Namun, tambahnya, perubahan stance kebijakan the Fed pada FOMC pertengahan Juni 2018 yang lebih agresif, respons kebijakan bank sentral lain yang berubah khususnya bank sentral Uni Eropa dan China, serta ketidakpastian pasar keuangan global yang kembali meningkat, memicu pelemahan hampir seluruh mata uang dunia, tidak terkecuali rupiah.

"Ke depan, Bank Indonesia terus mewaspadai risiko ketidakpastian pasar keuangan global dengan tetap melakukan langkah-langkah stabilisasi nilai tukar sesuai nilai fundamentalnya, serta menjaga bekerjanya mekanisme pasar dan didukung upaya-upaya pengembangan pasar keuangan," tukasnya.

Stabilitas Sistem Keuangan

Perry mengatakan kondisi sistem keuangan tetap stabil disertai intermediasi perbankan yang membaik. Stabilitas sistem keuangan yang terjaga tercermin pada rasio kecukupan modal (capital adequacy ratio/CAR) perbankan yang cukup tinggi mencapai 22,1 persen dan rasio likuiditas (AL/DPK) yang masih aman yaitu 20,3 persen pada April 2018.

Di samping itu, rasio kredit bermasalah (non performing loan/NPL) tetap rendah yaitu 2,79 persen (gross) atau 1,28 persen (net) pada April 2018. Stabilitas sistem keuangan yang terjaga ini berkontribusi positif pada perbaikan fungsi intermediasi perbankan.

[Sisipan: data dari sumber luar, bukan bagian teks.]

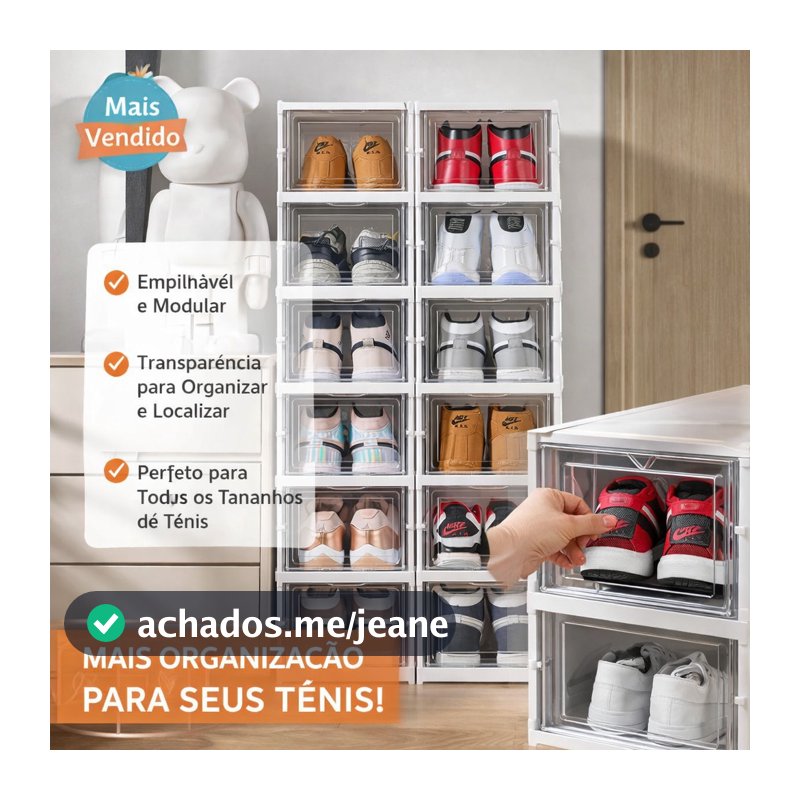 Sapateira Transparente 9 Andares com Porta Frontal – Organizador Dobrável Empilhável Anti Poeira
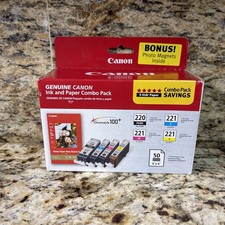 Canon Genuine Ink Cartridge PGI-220/CLI-221 Black Cyan Magenta Yellow Sealed NEW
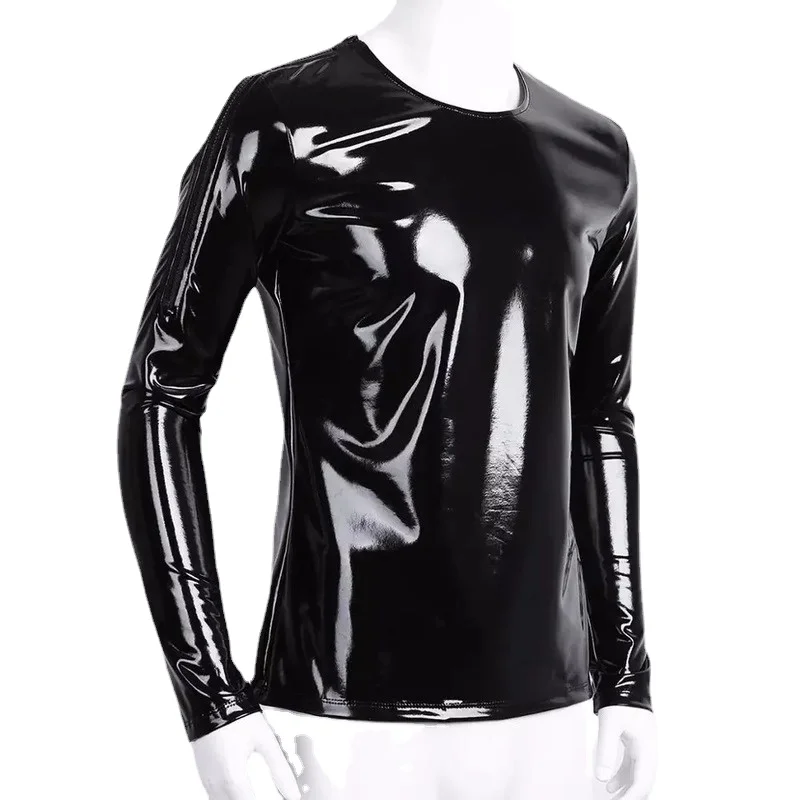 Sexy Men's PVC Leather Wet Look T-shirt Black Red Undershirt Metallic Shiny Hip Hop Clubwear Stage Costume Muscle T-Shirt Top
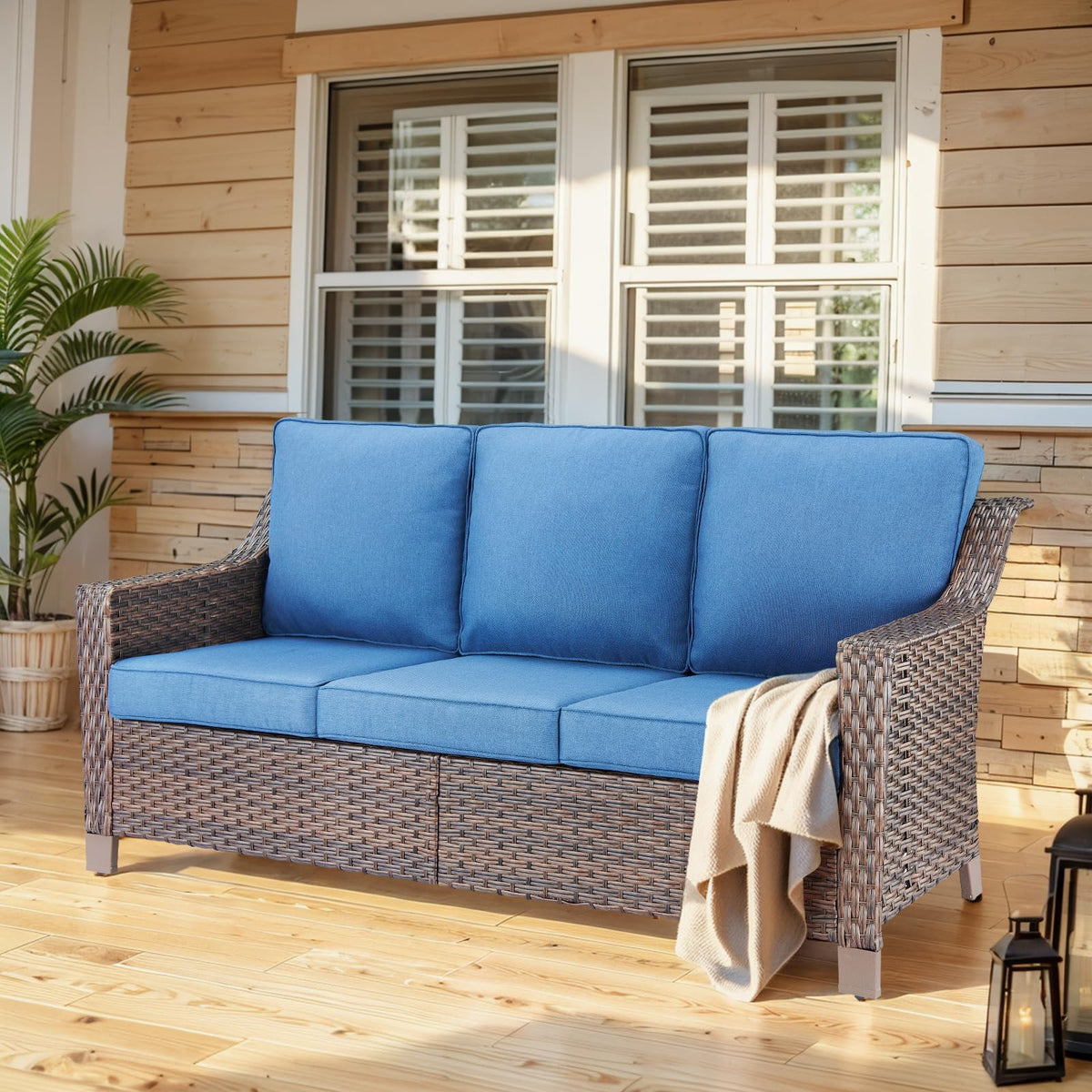 Brown PE Wicker Outdoor Sofa S137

Pertumbuhan dana pihak ketiga (DPK) pada April 2018 tercatat 8,1 persen (yoy), naik dibandingkan dengan pertumbuhan bulan sebelumnya yang mencapai 7,7 persen (yoy).

Pertumbuhan kredit pada April 2018 tercatat sebesar 8,9 persen (yoy), lebih tinggi dibandingkan dengan pertumbuhan bulan sebelumnya 8,5 persen (yoy) serta diperkirakan terus meningkat.

Sementara itu, pembiayaan ekonomi melalui pasar modal, seperti penerbitan saham (IPO dan rights issue), obligasi korporasi, medium term notes (MTN), dan negotiable certificate of deposit (NCD) meningkat 15,8 persen (yoy) pada April 2018.

Dengan perbaikan ekonomi dan kemajuan konsolidasi korporasi dan perbankan, lanjut Perry, BI memperkirakan pertumbuhan kredit dan DPK akan lebih baik pada 2018, masing-masing dalam kisaran 10 - 12 persen (yoy) dan 9 - 11 persen (yoy).

"Sejumlah langkah perlu ditempuh untuk mengoptimalkan pertumbuhan kredit melalui kebijakan makroprudensial yang akomodatif," pungkasnya.